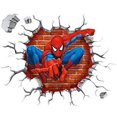 thumbnail image 1 of Pegatinas de pared 3D, murales DIY, decoración artística, pegatinas para dormitorio infantil, techo, sala de estar, guardería (rojo), 1 of 5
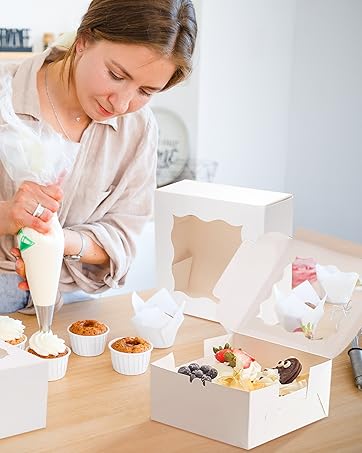 Cookie Boxes with Window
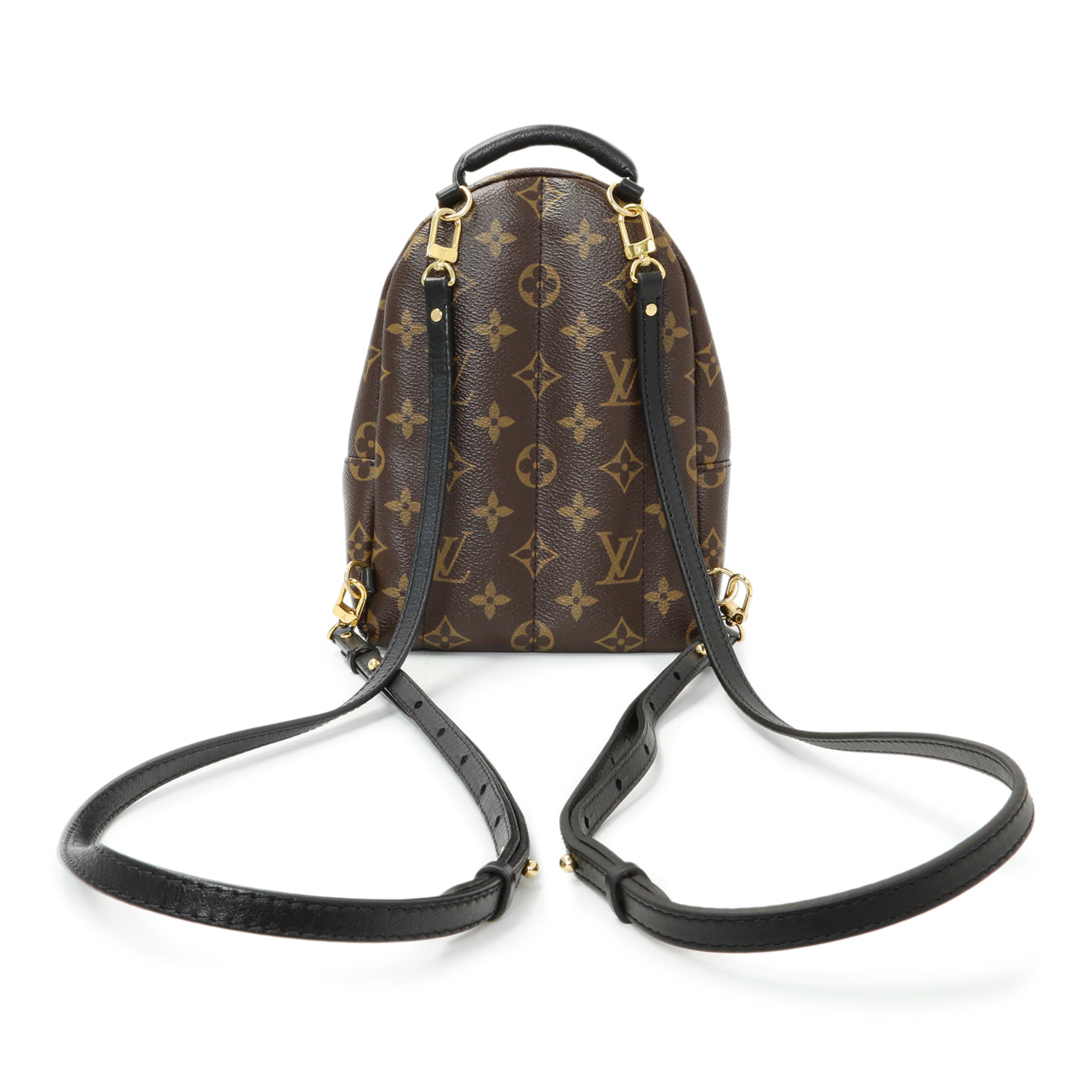 Exclusive Louis Vuitton Monogram Palm Springs Backpack Mini — Side View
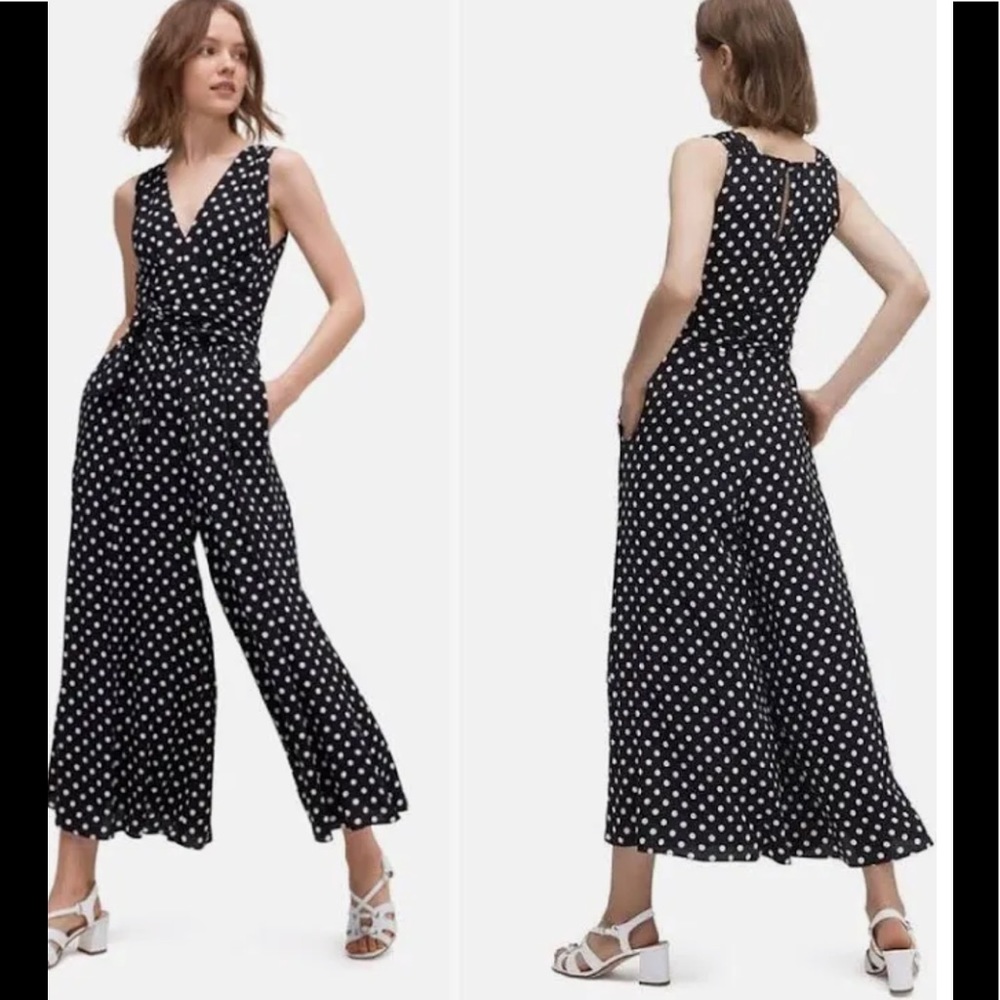 Kate Spade Polka Dot Jumpsuit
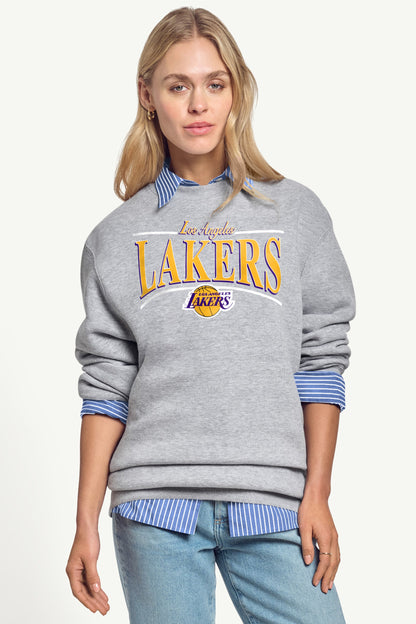 Starter WOMENS LA LAKERS ARCH SWEATSHIRT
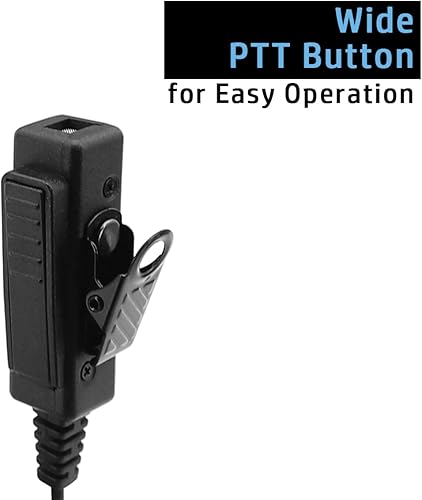 Miniatura 3 de Reemplazo de auriculares para Motorola Radio BPR40 CLS1110 CLS1410 CP110 CP185 CP200D DEP450 DLR1020 DLR1060 PR400 RDM2070D RDU4100 RDU4160D RDV5100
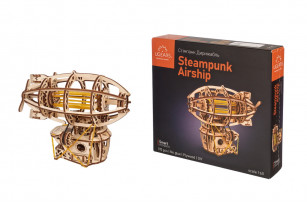 Steampunk Airship mechanical model kit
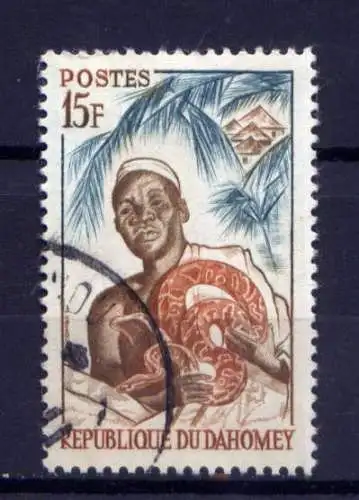 (007) Dahomey  Nr.203         O  gestempelt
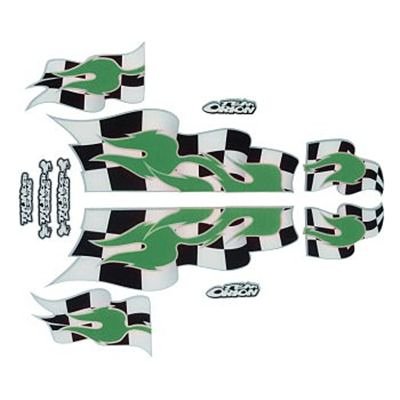 TV Geraete: Team Orion Dekor Gr�n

# # #

### YOUR TASK:
For every line above, produce an exact transcription that omits the images.

### ANSWER SECTION:
 thumbnail image 1 of Pegatinas de pared 3D, murales DIY, decoración artística, pegatinas para dormitorio infantil, techo, sala de estar, guardería (rojo), 1 of 5
 Cookie Boxes with Window
 Exclusive Louis Vuitton Monogram Palm Springs Backpack Mini — Side View
 Kate Spade Polka Dot Jumpsuit
 Starter WOMENS LA LAKERS ARCH SWEATSHIRT
 Miniatura 3 de Reemplazo de auriculares para Motorola Radio BPR40 CLS1110 CLS1410 CP110 CP185 CP200D DEP450 DLR1020 DLR1060 PR400 RDM2070D RDU4100 RDU4160D RDV5100
 Steampunk Airship mechanical model kit
 (007) Dahomey  Nr.203         O  gestempelt
 TV Geraete: Team Orion Dekor Gr�n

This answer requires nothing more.